La última guerra mundial — la guerra que todos los hombres blancos habíamos perdido ya el día en que se disparó el primer fusil — ha traído, entre otros signos de podredumbre, la derrota de la corbata.

Nunca, desde que se anudó al cuello del hombre para que los otros hombres supieran que quien pasaba era un caballero, ha sufrido la corbata, como institución un embate más serio que en estos últimos tiempos. La corbata, como muestra de atildado señorío, ha desaparecido, y las gargantas aparecen hoy desnudas o, lo que es peor, anudadas por un trozo de seda detonante, brillador, hiriente, que cualquier cosa, menos señorío, pueden indicar.

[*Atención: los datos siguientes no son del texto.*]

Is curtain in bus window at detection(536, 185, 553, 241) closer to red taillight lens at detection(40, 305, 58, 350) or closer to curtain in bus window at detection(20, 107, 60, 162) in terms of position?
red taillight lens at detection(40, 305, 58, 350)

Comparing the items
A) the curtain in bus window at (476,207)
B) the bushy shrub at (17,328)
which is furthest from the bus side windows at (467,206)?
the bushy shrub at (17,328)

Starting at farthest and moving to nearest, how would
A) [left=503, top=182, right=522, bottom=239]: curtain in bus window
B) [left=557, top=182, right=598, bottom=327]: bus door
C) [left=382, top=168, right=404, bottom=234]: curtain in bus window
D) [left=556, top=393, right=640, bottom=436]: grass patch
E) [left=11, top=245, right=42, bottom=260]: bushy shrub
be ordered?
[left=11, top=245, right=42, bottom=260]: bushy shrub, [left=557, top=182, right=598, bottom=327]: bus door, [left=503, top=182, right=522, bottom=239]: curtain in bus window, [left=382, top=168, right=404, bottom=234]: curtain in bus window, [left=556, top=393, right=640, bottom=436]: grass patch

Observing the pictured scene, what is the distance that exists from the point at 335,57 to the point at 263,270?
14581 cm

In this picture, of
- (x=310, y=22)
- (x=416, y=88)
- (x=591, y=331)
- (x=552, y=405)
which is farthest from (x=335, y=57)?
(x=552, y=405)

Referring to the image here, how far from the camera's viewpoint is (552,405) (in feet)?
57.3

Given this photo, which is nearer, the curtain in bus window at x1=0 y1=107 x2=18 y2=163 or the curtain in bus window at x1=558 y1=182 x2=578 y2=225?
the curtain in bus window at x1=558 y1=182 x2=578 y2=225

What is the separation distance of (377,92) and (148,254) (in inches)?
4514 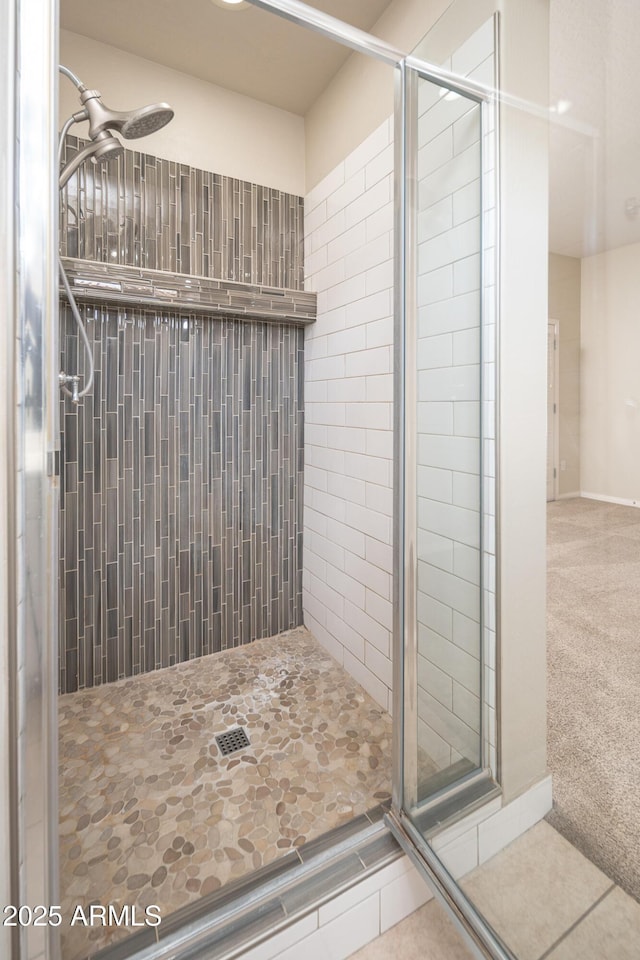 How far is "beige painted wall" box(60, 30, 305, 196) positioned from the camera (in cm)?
165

Decía el dandy inglés que la corbata ha de ser algo tan entonado, tan en su sitio, tan discreto y noble que nadie, vuelto ya de espaldas el hombre que la lleva, pueda describirla ni aun recordarla precisamente.

Los tiempos del dandy inglés eran los tiempos en que el dinero, sobre poco más o menos, coincidía con la nobleza y con el buen gusto de la cuna. Entonces el comercio, a más de ser un ruin entretenimiento, no era todavía una fábrica de hacer billetes de banco con multicopista*, y los cuellos encorbatados, aquellos que sintieron la caricia de la corbata desde los días de la primera comunión, no echaban demasiado en falta* la necesidad de llamar la atención del transeúnte sobre su paso.

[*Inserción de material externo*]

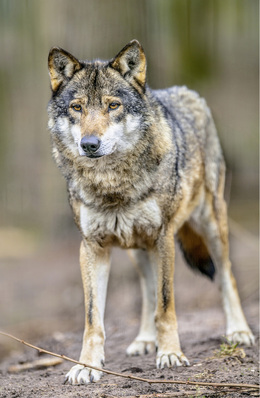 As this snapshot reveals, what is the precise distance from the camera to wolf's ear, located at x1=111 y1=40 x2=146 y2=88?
178 inches

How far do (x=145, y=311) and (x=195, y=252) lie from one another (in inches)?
30.5

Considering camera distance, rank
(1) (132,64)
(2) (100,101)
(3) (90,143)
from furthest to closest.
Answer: (1) (132,64)
(2) (100,101)
(3) (90,143)

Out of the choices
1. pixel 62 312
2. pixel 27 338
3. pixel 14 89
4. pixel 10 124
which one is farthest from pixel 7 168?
pixel 27 338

Madrid que, en general, tenía cierta justi­ficada fama de ciudad bien vestida en sus hom­bres y bien calzada en sus mujeres, nos está ofreciendo este verano el desdichado espectácu­lo del sincorbatismo y la deprimente visión del corbatismo a la americana; algo así como una fantasía de pastelero moruno enloquecido. Aún no hemos llegado a conclusión alguna sobre cuál de los dos fenómenos es peor, altera más nuestro hígado o descompensa más nuestro sistema nervioso.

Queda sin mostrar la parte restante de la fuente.